How I opened my eyes to the unequal access to quality education

In 2014 Marissa volunteered in Peru and worked in a school for indigenous children. She speaks about the unequal excess to quality education, the waste of time in school periods and about how the education system doesn't develop critical thinking.

Marisa from the US volunteered  in Peru and she tells about her experiences in a school for indigenous children. Read her interesting point of view and what she has learned from her volunteer abroad stay.

During the summer of 2014, I had the opportunity to serve as the Project Assistant for a relatively young NGO, Volunteers Peru. The organization is based in Arequipa, Peru working with two different projects. The first project involves providing social development and support at the Torre Fuerte Casa Hogar, a home for girls who have been abused and/or abandoned by their families.

The second project is assistance at the Colegio Honofre Benavides, both a primary and secondary school located in the small pueblo of Tomepampa, located in the Cotahuasi canyon, about a 10 hour bus ride from Arequipa. In a remote location, you leave the noise of the city and enter a tranquil environment. Many of the inhabitants are of indigenous descent and speak both Spanish and Quechua.

The issue of education starts at the bad condition of the school building

Upon returning home, I became very interested in indigenous education, particularly in Peru. After conducting research, I found that the quality of education is lower for indigenous children in rural areas of Peru. This was no surprise to me after my three week experience in Tomepampa. The building itself was able to house the two levels of schooling with 250 students total.

However it did appear the infrastructure was in need of some repair. Almost every classroom needed new windows since many were broken or missing. During break periods, students were able to purchase food from a small shack located on the school grounds. Other students were provided free food if they qualified for government assistance, similar to the United States’ meal assistance programs in schools. These meals were prepared in a shelter with a wooden stove placed on a dirt floor, where the children would walk in and receive their meal. The school lacked a cafeteria or seating area for students to socialize and eat their meals in sanitary conditions.

I was initially surprised to find that school resources were scarce. Teachers would ask their students to copy homework or class exercises from the board, which at times took up an entire class period. This left little or no time for teachers to teach new material. If students wanted to make photocopies instead of copying from the board, then a student would go around and collect change from every student to make the copies. There were days I saw students having “free” periods because their teacher did not show up for class. There was no substitute teacher who would come in and continue covering new material. Instead, the absent teacher would either be behind in the curriculum or skip the topic and move onto new material.

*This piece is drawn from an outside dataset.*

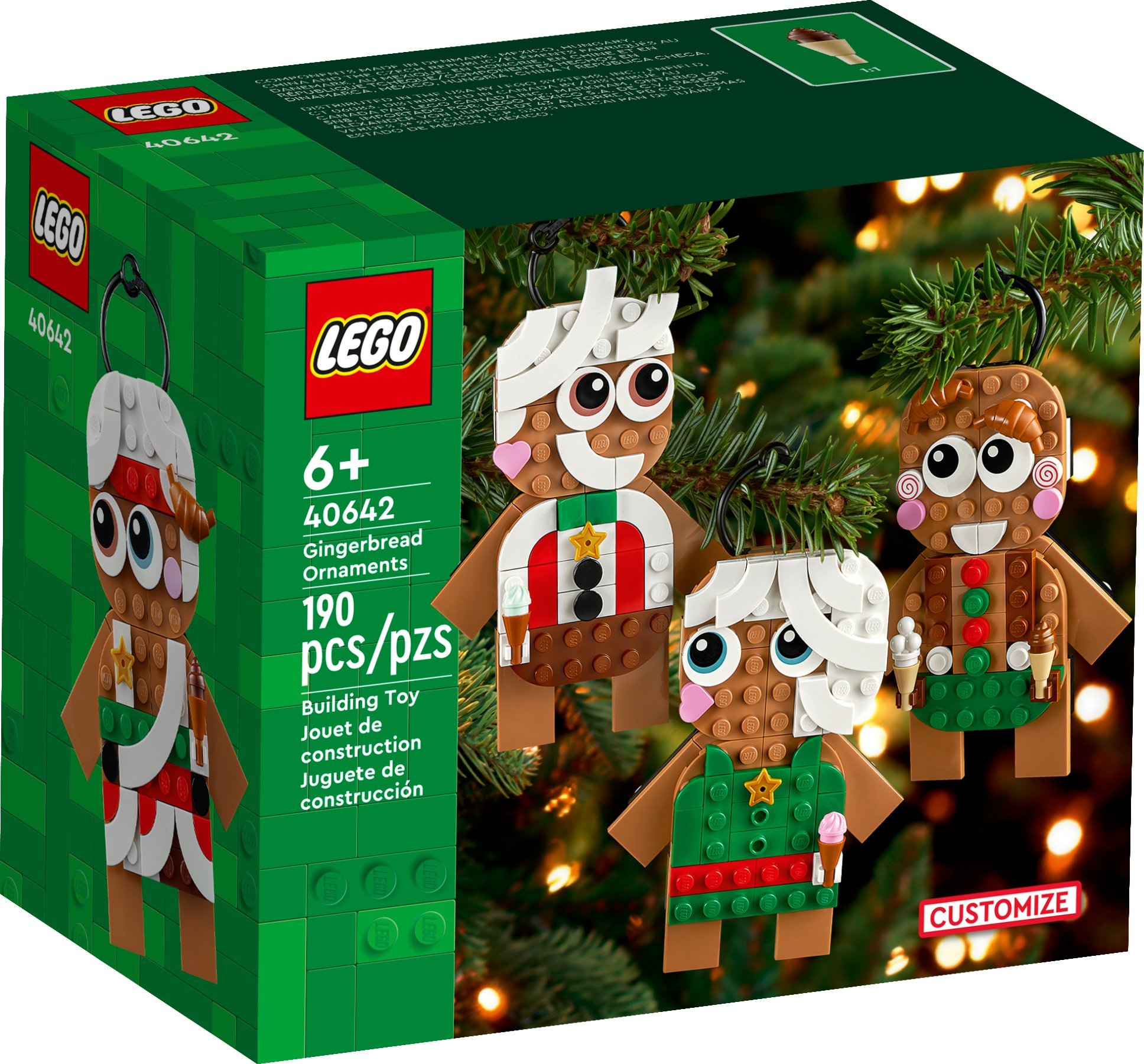 LEGO Iconic - Gingerbread Ornaments (40642) LEGO konstruktors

The poor conditions of school buildings, lack of resources, and teacher absenteeism contributed to a poor learning environment for students.

 

The class subjects don’t develop critical thinking skills

Teachers dictated the classroom and expected students to memorize information, but students were not asked questions or academically stimulated in order to develop critical thinking skills. Teachers did not emphasize other skills such as conflict resolution, goal setting, achieving ambitions, and much-needed post-secondary education. Required classes did not fully discuss social issues within the pueblo, cities, or country of Peru itself.

I did have the chance to create a workshop for the graduating students. The workshops focused mostly on leadership in order to better prepare the students for life post-graduation. The workshops were intended to offer support and social development in different topics, skills, and interests to secondary students not discussed in classroom settings. Students responded positively to workshops. They were engaged and participated during discussion. When asked to share their thoughts on leadership and goal setting, they appeared surprised, as this was a new method of learning for them. They were eager to express their ideas and had a strong understanding of leadership. If given more time, it would have been interesting to hear more of their stories and learn more about each student.

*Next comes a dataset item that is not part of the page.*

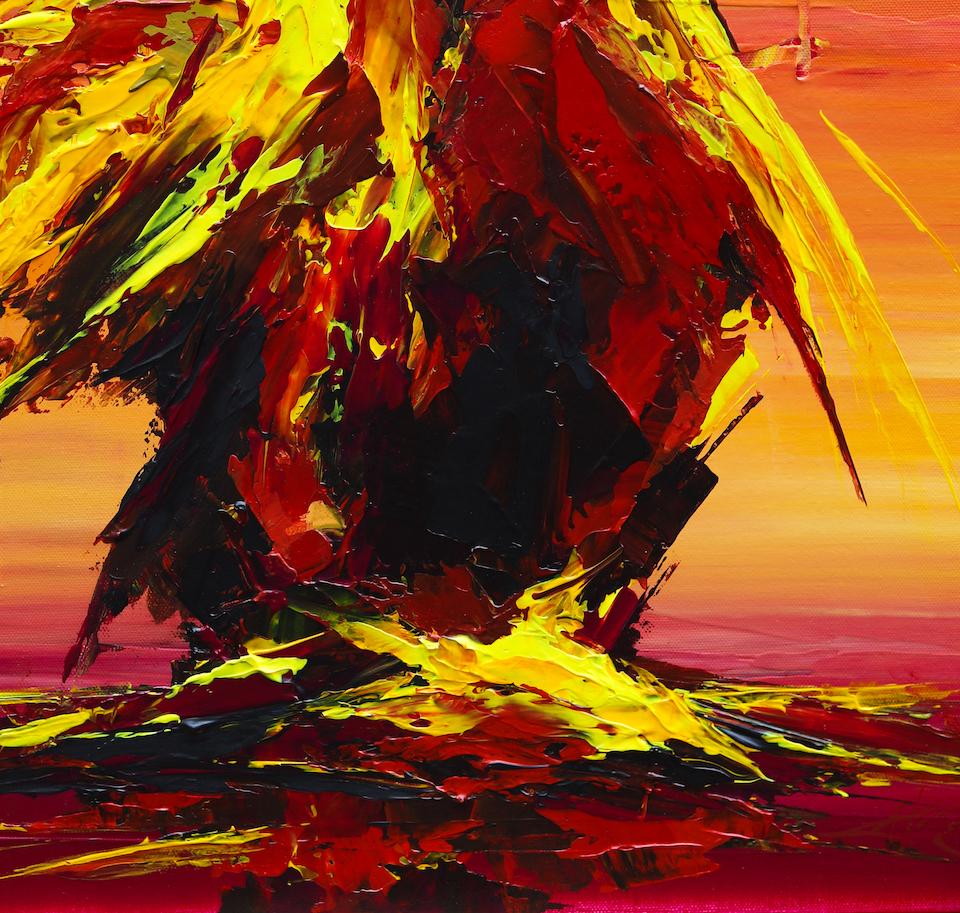 Thomas Easley - Hoga Hoda Walking The Dawn, Painting 2023 1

Education is a fundamental right that everyone should receive.

Spending time in Tomepampa opened my eyes to the unequal access to quality education, particularly for indigenous populations. While I hope that I made some sort of impact on the students at Colegio Honofre Benavides, I returned from Peru forever changed. I miss the enthusiasm of the students, their warm smiles, and interacting with them. I left a piece of my heart in Tomepampa and I am beyond grateful the community welcomed me as an honorary Tomepampina.

Marissa is a 23 years old student from the US and decided to volunteer abroad in Peru in 2014. She worked as a Project Assistant for the NGO Volunteers Peru in Tomepampa. She just completed her Master’s degree in International Development in Denver and is looking forward to visiting her volunteer abroad program again.


Apply now!

You are interested and you want to apply for an Volunteers Peru Volunteer program? Click here for a teaching placement. Or click here to support the staff in a girls home. Apply now. Volunteers Peru is waiting for your application!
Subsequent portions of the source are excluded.